Melisa López Franzen (née López Aquino, born 1980) is an American politician and member of the Minnesota Senate. A member of the Minnesota Democratic–Farmer–Labor Party (DFL), she represents District 49 in the southwest Twin Cities metropolitan area, serving the Minneapolis suburbs of Edina, Eden Prairie, Bloomington, and Minnetonka.

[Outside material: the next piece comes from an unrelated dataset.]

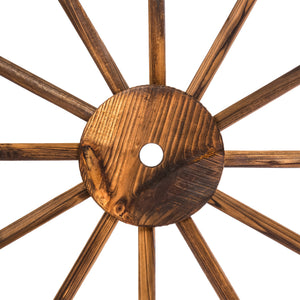 30in Decorative Old Western Wooden Garden Wagon Wheels w/ Steel Rims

Early life, education, and career
Franzen was raised in Puerto Rico. She attended the Interamerican University of Puerto Rico and graduated in 2001 with a Bachelor of Arts in political science. She later attended the Hubert H. Humphrey School of Public Affairs at the University of Minnesota, graduating in 2003 with a Master of Public Policy in economic development, and Hamline University School of Law, graduating in 2006 with a Juris Doctor

For eight years, Franzen was an attorney at Target Corporation, where she held various positions in government affairs and community relations. She co-founded and is president of the Minneapolis-based public relations firm New Publica.

Minnesota Senate
Franzen was elected to the Minnesota Senate in 2012 and reelected in 2016 and 2020. She serves on the Finance, Human Services Reform Finance and Policy, and as Ranking Minority Chair of the Commerce and Consumer Protection Finance and Policy Committee.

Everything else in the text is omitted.